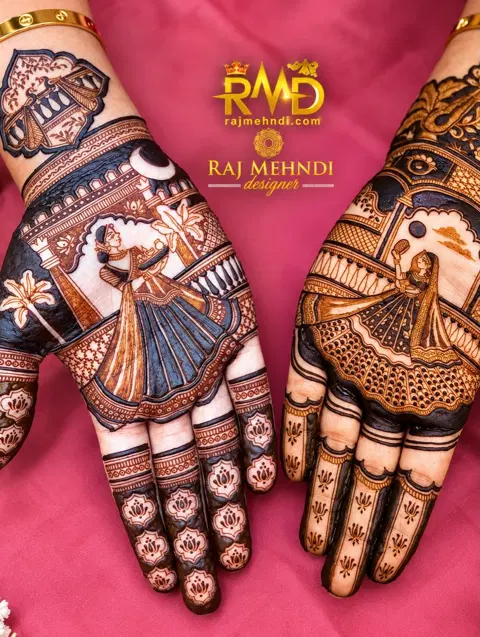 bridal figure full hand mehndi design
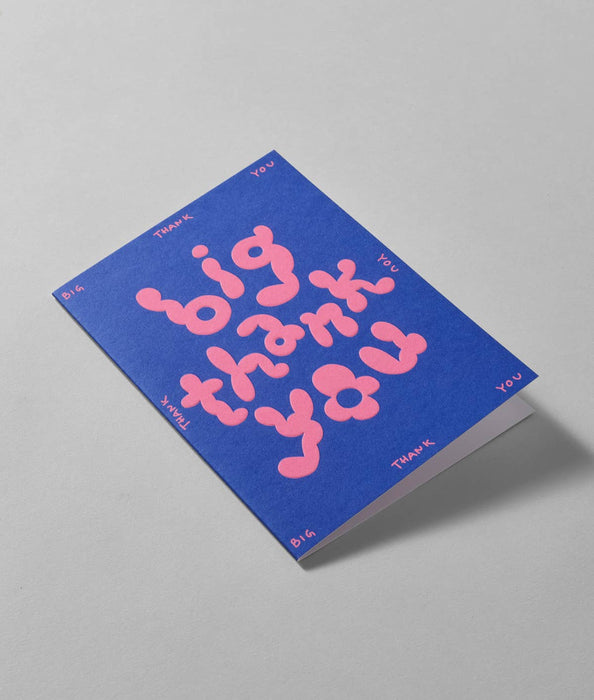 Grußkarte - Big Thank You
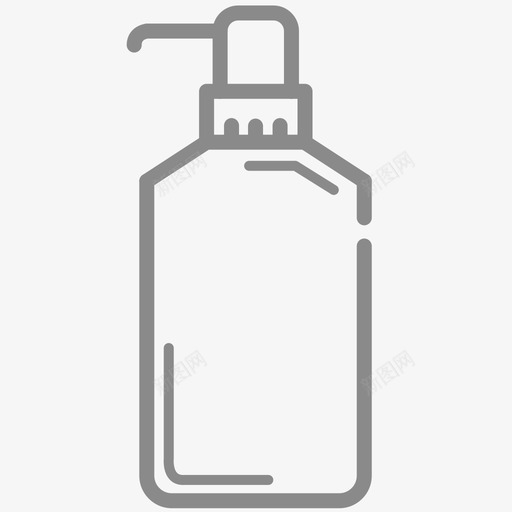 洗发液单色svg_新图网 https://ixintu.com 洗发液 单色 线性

> _WORK REQUIRED_
Could you reproduce the listing above word for word while leaving out its pictures?

> _COMPLETED TASK_
 bridal figure full hand mehndi design
 Grußkarte - Big Thank You
 洗发液单色svg_新图网 https://ixintu.com 洗发液 单色 线性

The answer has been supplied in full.